#### Information shown:
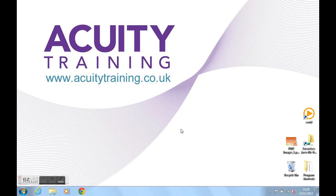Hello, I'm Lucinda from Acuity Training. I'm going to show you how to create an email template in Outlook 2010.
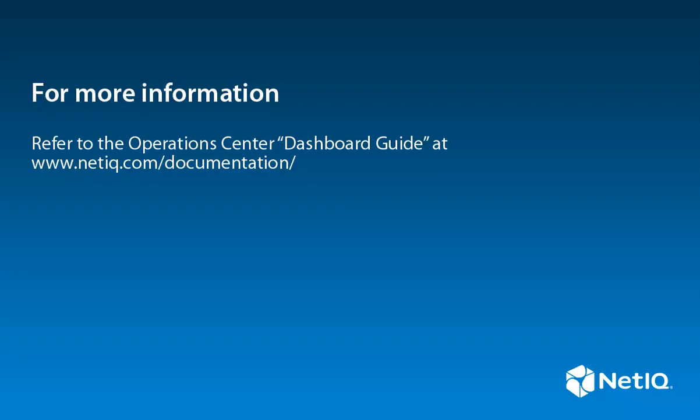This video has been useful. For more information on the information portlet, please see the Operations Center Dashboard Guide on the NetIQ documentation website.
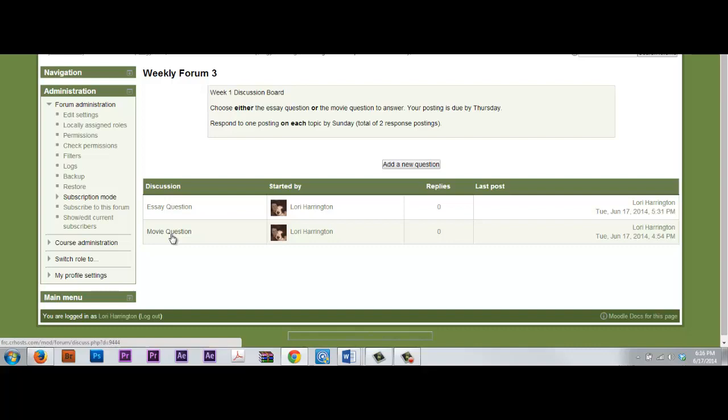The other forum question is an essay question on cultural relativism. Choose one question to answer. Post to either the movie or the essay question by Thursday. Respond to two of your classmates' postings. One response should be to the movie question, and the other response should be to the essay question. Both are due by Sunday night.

--

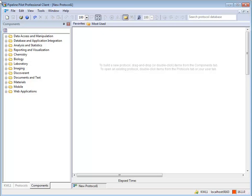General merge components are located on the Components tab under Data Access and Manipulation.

---

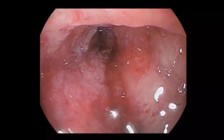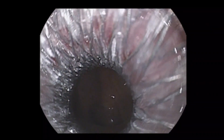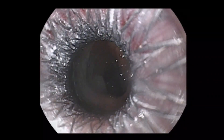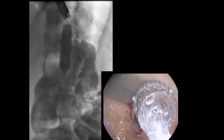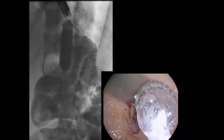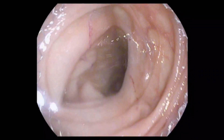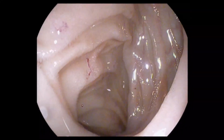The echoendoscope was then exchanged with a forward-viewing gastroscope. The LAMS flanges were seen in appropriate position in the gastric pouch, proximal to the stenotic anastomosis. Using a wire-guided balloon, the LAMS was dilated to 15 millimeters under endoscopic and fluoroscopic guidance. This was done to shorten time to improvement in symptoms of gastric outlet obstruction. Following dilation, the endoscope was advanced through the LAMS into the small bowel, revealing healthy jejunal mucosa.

#### Exercise prompt:
For this exercise, transcribe exactly the part of the records above that opens with the line containing "Hello, I'm Lucinda" and closes with the one containing "The other forum". Pictures are not part of the copy.

#### Solution below:
Hello, I'm Lucinda from Acuity Training. I'm going to show you how to create an email template in Outlook 2010.
This video has been useful. For more information on the information portlet, please see the Operations Center Dashboard Guide on the NetIQ documentation website.
The other forum question is an essay question on cultural relativism. Choose one question to answer. Post to either the movie or the essay question by Thursday. Respond to two of your classmates' postings. One response should be to the movie question, and the other response should be to the essay question. Both are due by Sunday night.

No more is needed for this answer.